Dans son annonce, le professeur introduit ainsi, indirectement, un personnage fascinant, «le Raisonneur idéal». Il prête aux étudiants la capacité de faire tous les raisonnements et d’en tirer toutes les conclusions possibles. C’est la présence de ce raisonneur idéal qui aboutit à des contradictions.
Le vrai problème dans ce paradoxe, c’est le statut de l’annonce du prof. On peut la considérer comme une prédiction, une sorte de prophétie, donc sans valeur contraignante. Mais une autre version de ce paradoxe existe qui ne fait pas intervenir le temps, on ne peut donc pas s’en sortir comme ça. On peut aussi entendre cette annonce comme une proposition logique, c’est-à-dire l’énoncé d’une vérité. Mais ça ne marche pas non plus car, et ce point est crucial, on ne peut pas appliquer la notion de vrai ou de faux à des connaissances, qui ne sont pas des faits. Il faut donc remettre en cause la nature de cette annonce qui ne peut pas avoir un statut de vérité. Elle est indéterminée. Car si elle est déterminée dans l’univers du prof, qui a toutes les informations, elle ne l’est pas dans celui des élèves.
Le fait que les propositions basées sur les connaissances sont différentes des raisonnements basés sur les faits, ce n’est pas si intuitif que ça…
Ça ne l’est pas du tout.

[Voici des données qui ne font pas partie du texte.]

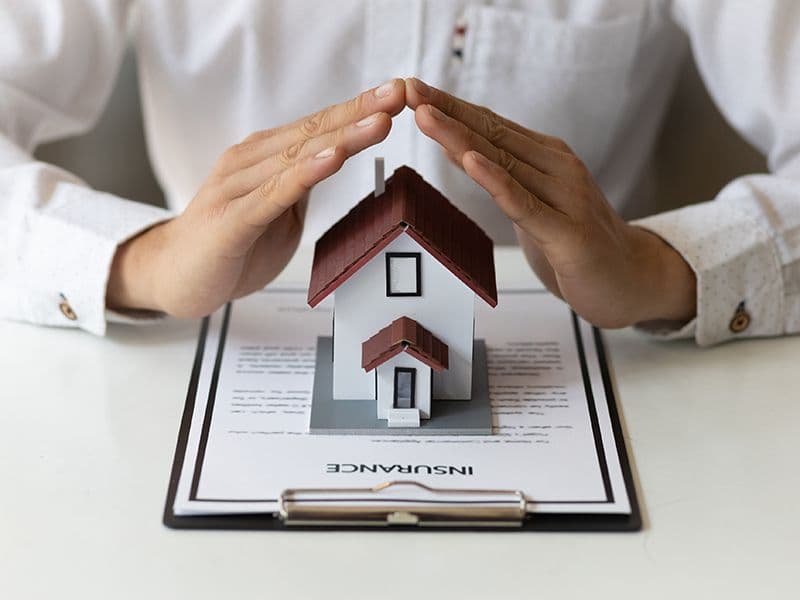 Florida homeowner researching whether roof rejuvenation is a scam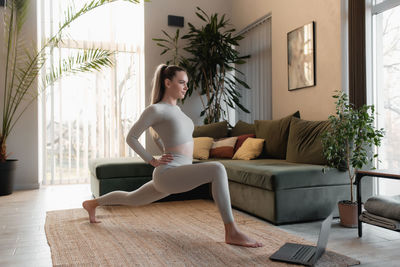 Woman sitting on sofa at home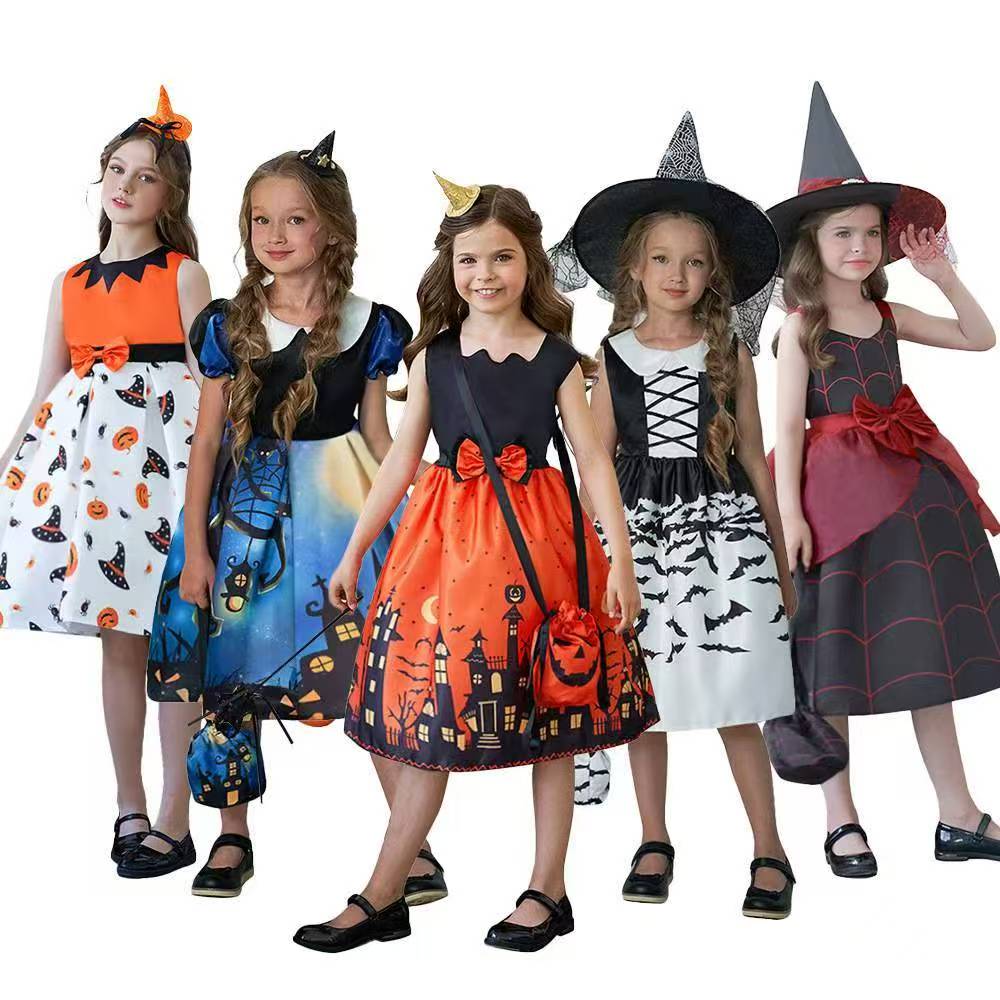 Girls in assorted Halloween dresses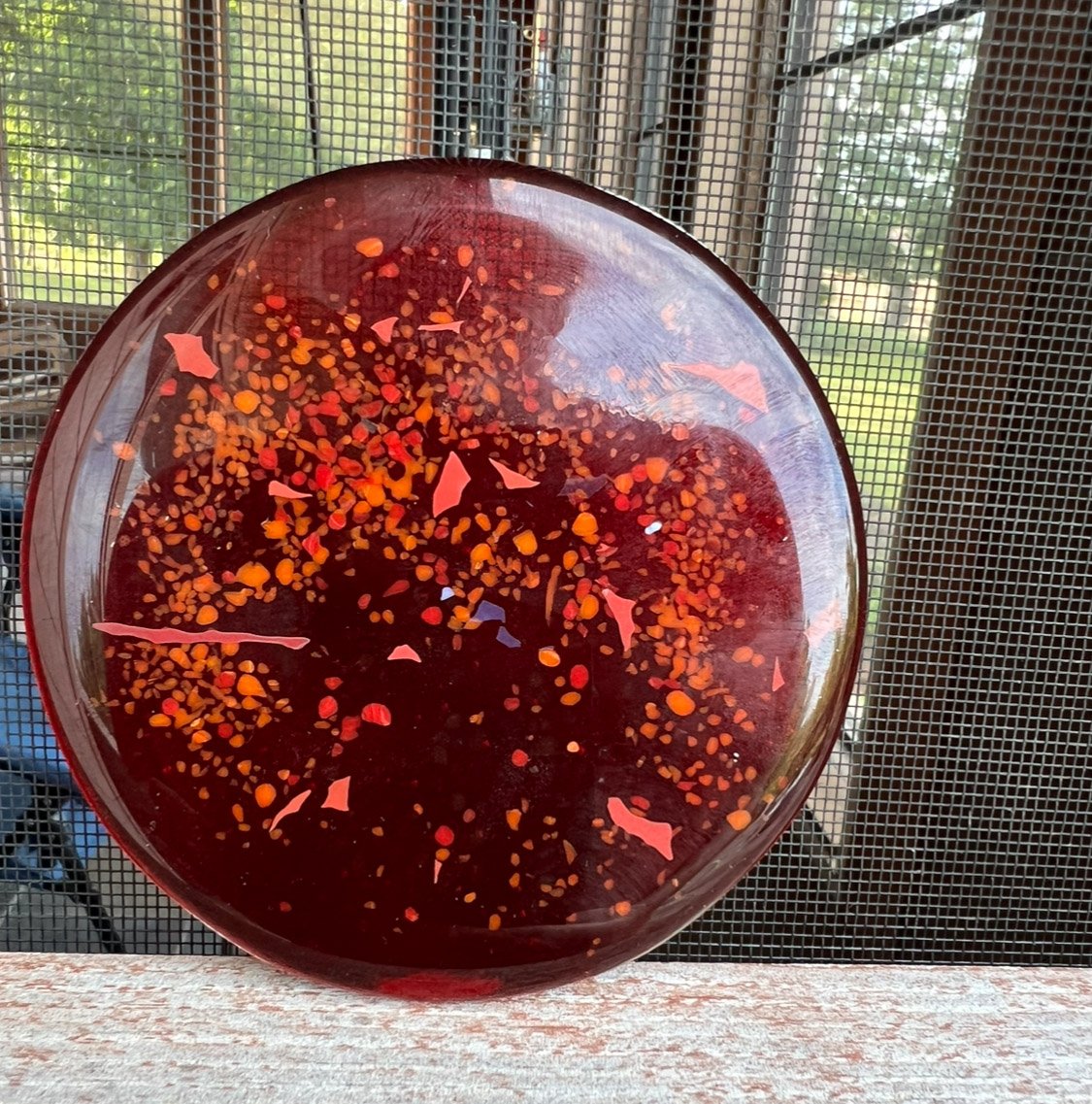 This 3" fused glass orb is the centerpiece for "Icarus", which is also shown and described here in the gallery. The orb comprises three layers of red bullseye glass with various sizes and colors of frit and confetti between and atop the layers and f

Nous n’arrêtons pas de raisonner à partir de ce que nous pensons être les connaissances des autres. Comme lorsqu’un spéculateur anticipe la valorisation d’une action et en achète parce qu’il suppose que les autres spéculateurs partagent ses croyances. Ce n’est pas rien, ce n’est pas totalement vaporeux, mais ce n’est pas aussi solide que des faits qui, eux, sont vrais ou faux. C’est un statut intermédiaire. On peut illustrer ça avec un autre paradoxe, celui de l’ours…
On ne s’est pas encore vraiment remis du précédent, mais allez-y…
Tout part de cette question : «Est-ce que je peux savoir que je ne pense pas à un ours ?» Si on prend la proposition «Je ne pense pas à un ours», elle peut être vraie ou fausse. Supposons qu’elle soit vraie. Si je suis seul à faire ce constat, j’établis que je ne pense pas à un ours. Mais à ce moment précis de ma réflexion, je pense à un ours. Tout ça parce que j’ai introduit une connaissance dans une proposition.
Les paradoxes fonctionnent donc comme des révélateurs de l’humanité de ceux qui y sont confrontés. Et on en vient presque à s’interroger : «Une machine peut-elle penser ?»
Les animaux pensent, et je crois que la pensée, ce n’est pas quelque chose d’extraordinaire au sens fort du terme. Ce n’est pas magique ou surnaturel. Je ne vois pas de raisons pour lesquelles une machine ne pourrait pas un jour accéder à la pensée. Mais si elle s’y met un jour, il est probable que sa «pensée» sera différente de la nôtre. Parce qu’elle n’a pas la même histoire, le même vécu. Du coup, comment saura-t-on qu’elle pense et qu’elle ne «simule» pas ? Je n’ai pas la réponse, mais peut-être que les machines sauront nous convaincre.